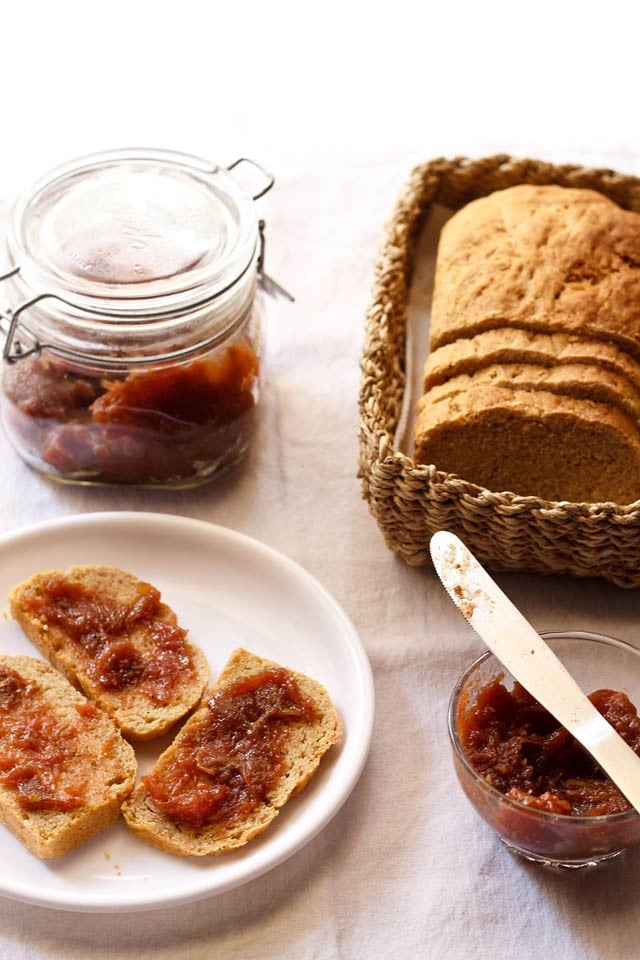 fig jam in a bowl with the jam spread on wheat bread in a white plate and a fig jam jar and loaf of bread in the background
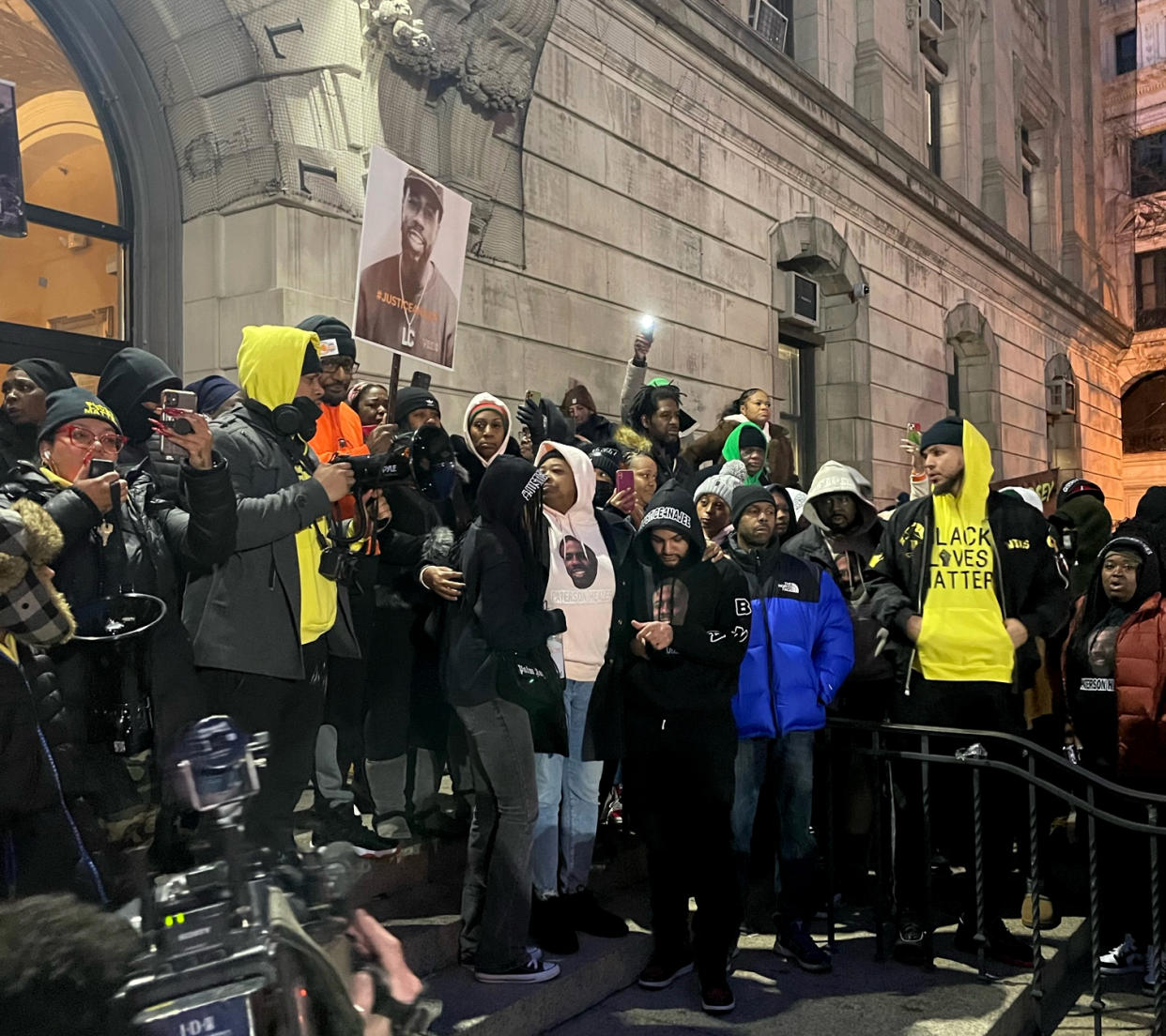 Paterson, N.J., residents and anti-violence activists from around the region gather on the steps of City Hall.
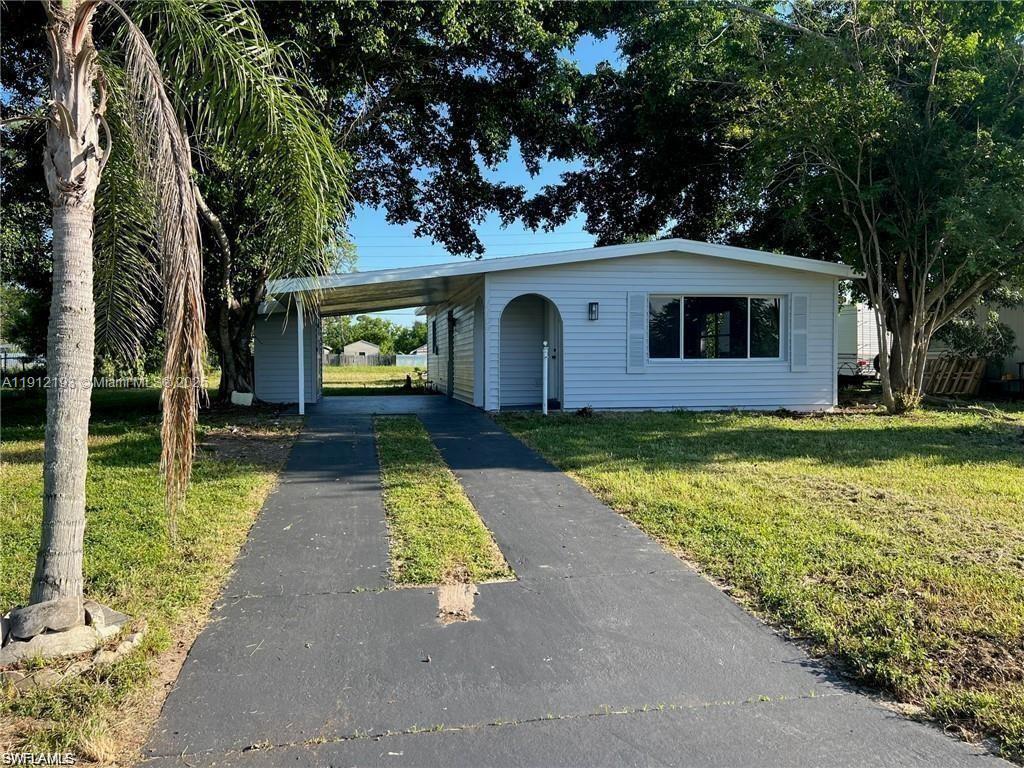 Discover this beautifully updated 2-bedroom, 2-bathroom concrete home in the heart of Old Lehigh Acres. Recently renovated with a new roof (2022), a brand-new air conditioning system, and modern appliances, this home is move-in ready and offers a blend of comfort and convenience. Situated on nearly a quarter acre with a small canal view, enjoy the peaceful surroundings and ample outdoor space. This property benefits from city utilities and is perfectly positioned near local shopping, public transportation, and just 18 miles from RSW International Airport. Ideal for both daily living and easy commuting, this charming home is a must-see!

= = =

- _Exercise goal_: Your task is to quote exactly the lines from the one with "Paterson, N.J., residents" through the end of the material, both included, without reproducing any pictures.

- _Answer section_:
 Paterson, N.J., residents and anti-violence activists from around the region gather on the steps of City Hall.
 Discover this beautifully updated 2-bedroom, 2-bathroom concrete home in the heart of Old Lehigh Acres. Recently renovated with a new roof (2022), a brand-new air conditioning system, and modern appliances, this home is move-in ready and offers a blend of comfort and convenience. Situated on nearly a quarter acre with a small canal view, enjoy the peaceful surroundings and ample outdoor space. This property benefits from city utilities and is perfectly positioned near local shopping, public transportation, and just 18 miles from RSW International Airport. Ideal for both daily living and easy commuting, this charming home is a must-see!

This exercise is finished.